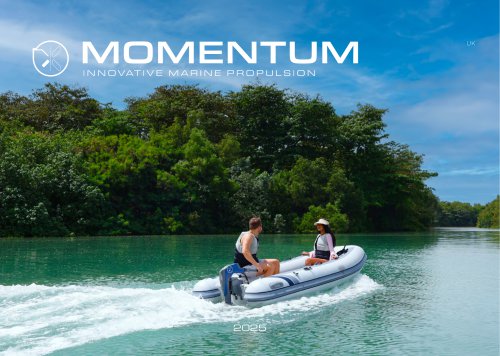 Momentum Brochure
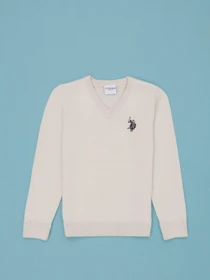 Худі та світшоти US Polo модель G084SZ0TK.000.1726148.VR071 Фото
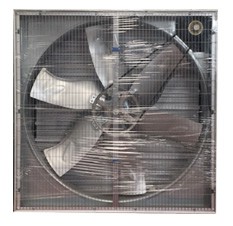 重锤式探花在线播放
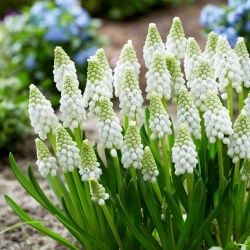 Zambila de struguri - White Pearl - 5 buc.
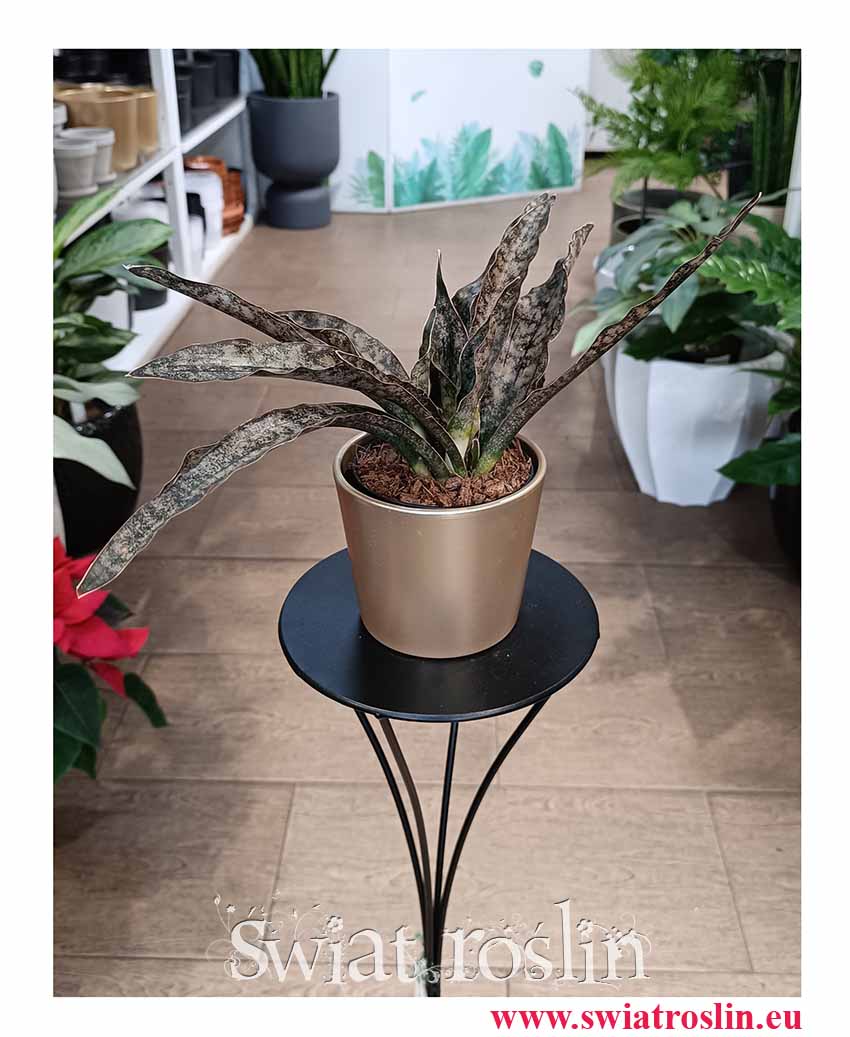 Sansevieria Coppertone kolekcjonerska roślina z instagrama z dostawą do domu, Sansewieria Coppertone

## Task directions:
Restate the data above verbatim, skipping every image.

## Output:
 Momentum Brochure
 Худі та світшоти US Polo модель G084SZ0TK.000.1726148.VR071 Фото
 重锤式探花在线播放
 Zambila de struguri - White Pearl - 5 buc.
 Sansevieria Coppertone kolekcjonerska roślina z instagrama z dostawą do domu, Sansewieria Coppertone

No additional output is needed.